* Work instruction *
Your reply should be an exact copy of the lines from the one that holds "YEQOIZ ingrown toenail" to the end of the data below.

*** Raw data ***

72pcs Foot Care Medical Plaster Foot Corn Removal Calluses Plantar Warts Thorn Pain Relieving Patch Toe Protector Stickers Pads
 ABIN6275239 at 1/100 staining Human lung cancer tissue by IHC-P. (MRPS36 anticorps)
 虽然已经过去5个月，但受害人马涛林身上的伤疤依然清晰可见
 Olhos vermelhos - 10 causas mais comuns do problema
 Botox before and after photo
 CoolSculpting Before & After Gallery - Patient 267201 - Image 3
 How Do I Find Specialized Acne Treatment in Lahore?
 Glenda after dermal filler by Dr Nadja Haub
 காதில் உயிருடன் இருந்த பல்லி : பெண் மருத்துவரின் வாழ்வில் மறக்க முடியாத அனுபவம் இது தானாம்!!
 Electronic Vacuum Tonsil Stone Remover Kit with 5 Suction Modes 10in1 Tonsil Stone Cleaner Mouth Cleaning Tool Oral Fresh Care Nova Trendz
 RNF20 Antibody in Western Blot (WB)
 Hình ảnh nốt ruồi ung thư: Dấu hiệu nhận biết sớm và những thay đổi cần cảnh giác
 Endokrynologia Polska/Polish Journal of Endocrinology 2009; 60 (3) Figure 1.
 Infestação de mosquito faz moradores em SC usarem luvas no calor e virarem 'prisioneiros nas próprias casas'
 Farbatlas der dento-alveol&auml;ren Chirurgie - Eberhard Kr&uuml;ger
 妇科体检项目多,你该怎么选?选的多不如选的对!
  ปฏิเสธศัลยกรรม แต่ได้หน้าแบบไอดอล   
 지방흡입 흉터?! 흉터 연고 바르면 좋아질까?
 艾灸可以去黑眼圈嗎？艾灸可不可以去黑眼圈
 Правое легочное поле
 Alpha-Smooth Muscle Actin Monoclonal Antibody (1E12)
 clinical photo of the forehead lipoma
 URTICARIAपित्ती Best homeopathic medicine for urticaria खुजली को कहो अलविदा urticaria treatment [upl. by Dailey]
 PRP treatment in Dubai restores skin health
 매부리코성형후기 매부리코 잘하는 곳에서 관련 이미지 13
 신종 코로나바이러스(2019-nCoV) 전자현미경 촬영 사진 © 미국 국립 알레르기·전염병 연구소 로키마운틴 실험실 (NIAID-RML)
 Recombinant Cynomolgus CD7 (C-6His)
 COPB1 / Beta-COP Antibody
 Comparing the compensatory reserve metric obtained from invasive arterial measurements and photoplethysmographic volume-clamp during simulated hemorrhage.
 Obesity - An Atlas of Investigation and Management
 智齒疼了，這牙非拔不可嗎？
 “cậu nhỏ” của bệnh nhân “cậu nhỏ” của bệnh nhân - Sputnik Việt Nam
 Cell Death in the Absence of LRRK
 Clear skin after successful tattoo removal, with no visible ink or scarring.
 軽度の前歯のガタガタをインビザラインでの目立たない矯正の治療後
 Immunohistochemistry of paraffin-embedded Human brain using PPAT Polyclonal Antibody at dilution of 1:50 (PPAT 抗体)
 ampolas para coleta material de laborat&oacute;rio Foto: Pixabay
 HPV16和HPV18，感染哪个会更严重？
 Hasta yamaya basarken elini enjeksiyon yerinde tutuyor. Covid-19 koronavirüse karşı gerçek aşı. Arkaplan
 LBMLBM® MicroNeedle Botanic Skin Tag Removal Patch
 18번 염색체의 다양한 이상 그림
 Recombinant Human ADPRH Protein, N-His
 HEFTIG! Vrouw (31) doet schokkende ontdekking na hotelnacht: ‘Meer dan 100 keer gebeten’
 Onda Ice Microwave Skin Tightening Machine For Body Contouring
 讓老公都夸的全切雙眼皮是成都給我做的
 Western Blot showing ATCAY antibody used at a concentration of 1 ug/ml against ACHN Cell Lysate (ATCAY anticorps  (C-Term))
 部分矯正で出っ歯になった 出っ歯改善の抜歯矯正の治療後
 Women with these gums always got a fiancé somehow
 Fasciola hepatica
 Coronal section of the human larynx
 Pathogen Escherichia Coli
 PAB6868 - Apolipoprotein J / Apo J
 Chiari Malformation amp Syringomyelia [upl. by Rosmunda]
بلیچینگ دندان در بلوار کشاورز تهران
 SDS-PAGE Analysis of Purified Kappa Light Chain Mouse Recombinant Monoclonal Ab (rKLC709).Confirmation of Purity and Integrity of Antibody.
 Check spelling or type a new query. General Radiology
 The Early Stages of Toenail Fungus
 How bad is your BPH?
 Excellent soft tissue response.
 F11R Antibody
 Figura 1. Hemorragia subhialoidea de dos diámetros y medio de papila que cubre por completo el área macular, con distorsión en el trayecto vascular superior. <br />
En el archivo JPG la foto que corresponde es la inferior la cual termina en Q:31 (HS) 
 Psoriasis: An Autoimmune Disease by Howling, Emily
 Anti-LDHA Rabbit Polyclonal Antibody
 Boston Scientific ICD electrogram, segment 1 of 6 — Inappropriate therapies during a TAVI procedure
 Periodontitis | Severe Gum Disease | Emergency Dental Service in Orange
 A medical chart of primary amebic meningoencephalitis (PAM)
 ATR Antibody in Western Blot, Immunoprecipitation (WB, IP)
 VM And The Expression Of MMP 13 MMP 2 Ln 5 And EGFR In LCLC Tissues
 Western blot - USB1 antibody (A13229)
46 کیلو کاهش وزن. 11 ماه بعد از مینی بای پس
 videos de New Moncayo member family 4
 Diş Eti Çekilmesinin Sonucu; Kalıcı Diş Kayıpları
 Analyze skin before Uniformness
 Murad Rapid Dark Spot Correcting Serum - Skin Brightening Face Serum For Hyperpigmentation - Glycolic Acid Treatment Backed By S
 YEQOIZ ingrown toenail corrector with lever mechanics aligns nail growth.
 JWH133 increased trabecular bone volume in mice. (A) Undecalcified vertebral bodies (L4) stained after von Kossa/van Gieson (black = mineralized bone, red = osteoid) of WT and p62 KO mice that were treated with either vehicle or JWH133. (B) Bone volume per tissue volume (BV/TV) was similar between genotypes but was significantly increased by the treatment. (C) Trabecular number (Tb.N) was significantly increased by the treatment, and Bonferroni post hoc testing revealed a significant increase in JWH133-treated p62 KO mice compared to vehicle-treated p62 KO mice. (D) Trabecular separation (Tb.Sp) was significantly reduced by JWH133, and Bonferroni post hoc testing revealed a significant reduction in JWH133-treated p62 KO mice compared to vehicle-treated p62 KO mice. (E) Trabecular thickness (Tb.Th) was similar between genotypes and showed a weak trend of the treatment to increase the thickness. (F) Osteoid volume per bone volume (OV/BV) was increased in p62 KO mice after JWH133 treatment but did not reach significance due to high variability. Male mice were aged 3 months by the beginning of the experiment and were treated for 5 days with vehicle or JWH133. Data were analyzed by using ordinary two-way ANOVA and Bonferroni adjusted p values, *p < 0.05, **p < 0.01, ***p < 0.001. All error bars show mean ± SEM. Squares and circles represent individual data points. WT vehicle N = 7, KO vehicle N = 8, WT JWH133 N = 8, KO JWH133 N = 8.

*** End of Raw data ***

* Output below *
 YEQOIZ ingrown toenail corrector with lever mechanics aligns nail growth.
 JWH133 increased trabecular bone volume in mice. (A) Undecalcified vertebral bodies (L4) stained after von Kossa/van Gieson (black = mineralized bone, red = osteoid) of WT and p62 KO mice that were treated with either vehicle or JWH133. (B) Bone volume per tissue volume (BV/TV) was similar between genotypes but was significantly increased by the treatment. (C) Trabecular number (Tb.N) was significantly increased by the treatment, and Bonferroni post hoc testing revealed a significant increase in JWH133-treated p62 KO mice compared to vehicle-treated p62 KO mice. (D) Trabecular separation (Tb.Sp) was significantly reduced by JWH133, and Bonferroni post hoc testing revealed a significant reduction in JWH133-treated p62 KO mice compared to vehicle-treated p62 KO mice. (E) Trabecular thickness (Tb.Th) was similar between genotypes and showed a weak trend of the treatment to increase the thickness. (F) Osteoid volume per bone volume (OV/BV) was increased in p62 KO mice after JWH133 treatment but did not reach significance due to high variability. Male mice were aged 3 months by the beginning of the experiment and were treated for 5 days with vehicle or JWH133. Data were analyzed by using ordinary two-way ANOVA and Bonferroni adjusted p values, *p < 0.05, **p < 0.01, ***p < 0.001. All error bars show mean ± SEM. Squares and circles represent individual data points. WT vehicle N = 7, KO vehicle N = 8, WT JWH133 N = 8, KO JWH133 N = 8.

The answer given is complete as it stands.